While the book is fiction, the issue is not. 

I am reminded of blogs I have written including the “The Jewel of Lehigh Valley,” the twenty year battle by residents of Lower Milford Township to protect the hills of Pennsylvania from a company wishing to develop a 600-acre quarry; the overwhelming alarm expressed by Michigan residents on learning of Nestlé’s plan to increase the pumping of groundwater in Osceola Township; the ongoing fight about the future of the Kalamazoo River mouth which began when Aubrey McClendon purchased over 300 acres of coastal dunes in 2006.

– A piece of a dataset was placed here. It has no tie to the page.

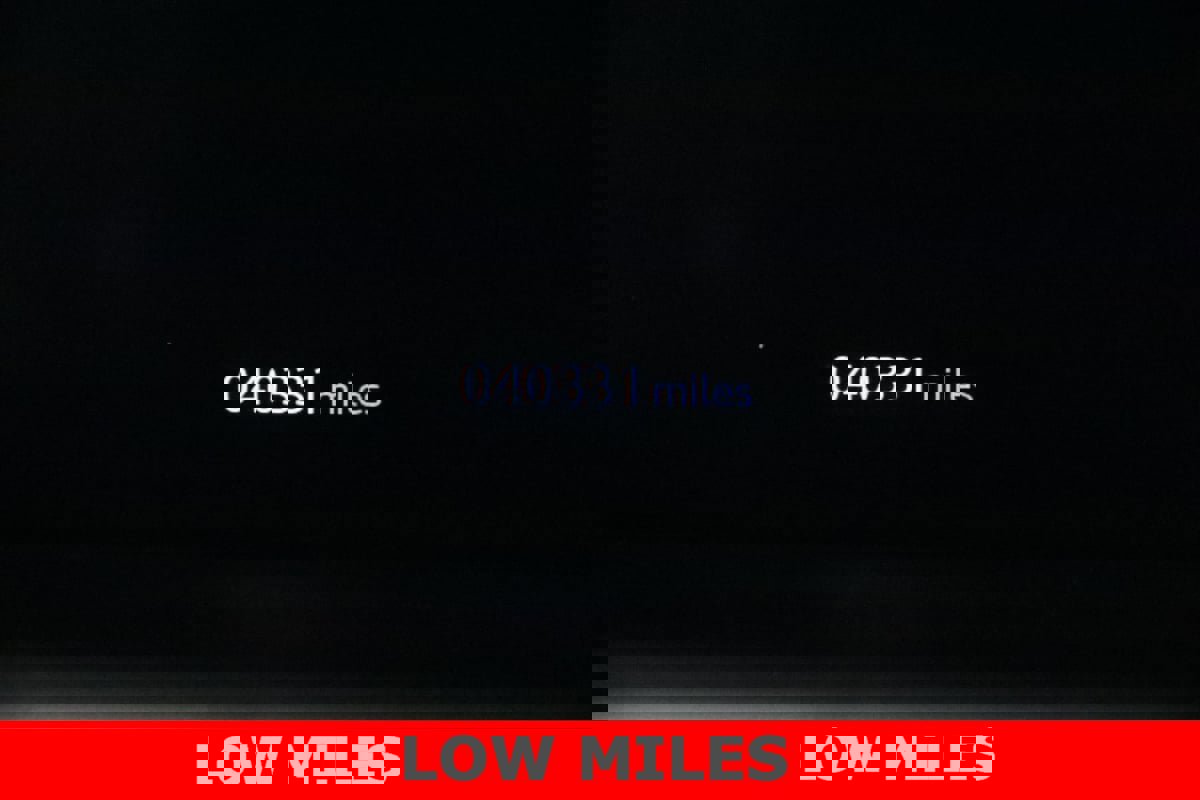 Used 2018 Land Rover Discovery HSE image 15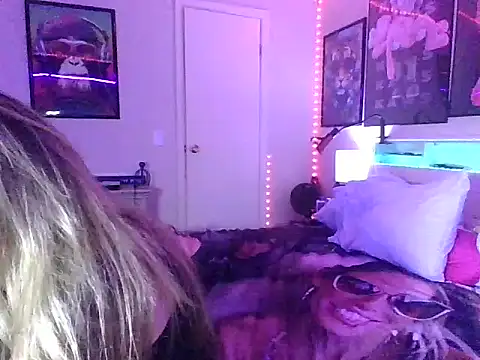 Snapshot of SarahStarr2020 chatting on 12-10-24, 06:44 SarahStarr2020 online show from 12-10-24, 06:44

Should property ownership rights usurp all else—even to the point of destroying the land, water and habitat shared in common and considered sacrosanct by a community? In People of the Dune, Jim Olson presents both sides of the controversy and a pathway forward that he considers essential to the preservation of the planet.  

“Art is not what you see, but what you make others see,” French Impressionist painter Edgar Degas said. 

People of the Dune is an eye-opening read authored by an experienced, knowledgeable and passionate voice for the planet. Click on the button to listen to the video.


About the Author: Jim Olson has represented citizens and communities in the courts—including the Superior Public Rights litigation over mining expansion in Marquette’s Upper Harbor and the Michigan Citizens case to limit Nestlé’s diversion of groundwater in northern Michigan. He is a recipient of the Michigan State Bar’s Champion of Justice Award and was named Lawyer of the Year by Michigan Lawyer’s Weekly. In 2010, he founded For Love of Water, a nonprofit law and policy center, to protect the public commons in water, lands, and community. He is a recipient of a Michigan Council of Arts award for writing.